Mais voici un autre calcul. J'ai supposé que la nation entière payeroit une somme égale d'im-, pôts. Eh bien il me paroît certain que quand même la nation en général payeroit une plus forte somme, nous autres habitans de la campagne, nous en payerons une moindre. Car d'abord ce que nous coûtoient la dîme, les droits de chasse et de colombier, les péages, les bannalités et ceux des droits féodaux qu'on a supprimés sans rachat, tout cela nous reste en pur bénéfice. Ensuite on fait contribuer les privilégiés, on charge ces habitans des villes, qui ayant leur fortune en papier, trouvoient moyen de se soustraire aux impôts et comme tous ces gens acquitteront une grande partie des taxes, les nôtres doivent diminuer d'autant. Il faut bien aussi compter pour beaucoup la suppression de la gabelle, la moitié seule de son produit sera remplacée. Nous y gagnerons encore les frais énormes qu'elle coûtoit par la difficulté de la percevoir. Nous y gagnons l'affranchissement des gênes et des vexations qu'elle entraînoit. Nous y gagnons la facilité d'élever des bestiaux, et les engrais que ces bestiaux nous donneront. La gabelle supprimée est pour nous une charge de moins et un revenu de plus.

Ces raisonnemens sont simples. Mais en voici qui demandent plus d'attention suivez-moi et voyons si je saurai vous dire en une heure ce qu'il m'a fallu une semaine pour trouver. Il s'agit des facilités qu'un meilleur gouvernement nous donnera pour payer l'impôt.
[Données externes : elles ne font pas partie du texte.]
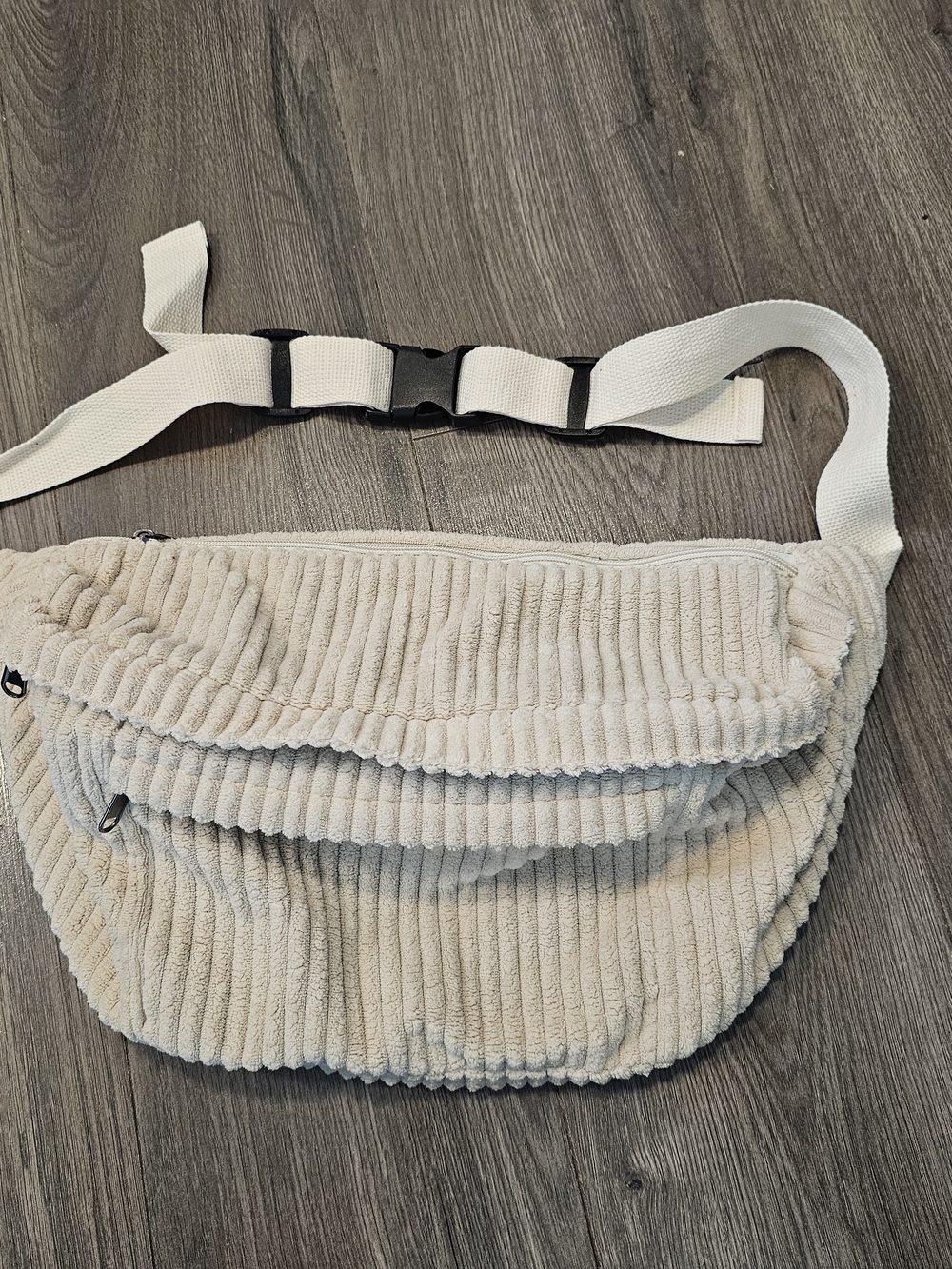 Corduroy Cream Crossbody Belt Bag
J'avois cru jusqu'ici, et répété souvent avec vous, que c'étoit l'impot qui appauvrissoit et ruinoit le

*peuple. J'ai reconnu cette erreur. Car si cela étoit, les nations qui payent le plus d'impôts devroient être les moins riches; mais au contraire, c'est presque toujours chez les peuples les plus pauvres qu'il y a moins d'impôts. Les Anglois en proportion de leur nombre contribuent deux fois autant, et les Hollandois trois fois plus. Leurs campagnes cependant fleurissent dans une heureuse abondance; au lieu qu'une grande partie des Italiens, les Espagnols et les Turcs qui ne sont soumis qu'aux plus foibles taxes, croupissent dans la détresse et dans la servitude. Car les contributions d'un peuple sont un rempart de sa liberté, en même temps qu'ils en sont une preuve.

Voici donc, mes amis, comme j'explique ces exemples. Le gouvernement ne peut pas toujours diminuer les taxes du peuple; mais il peut et il doit toujours lui fournir les moyens de les acquitter sans peine.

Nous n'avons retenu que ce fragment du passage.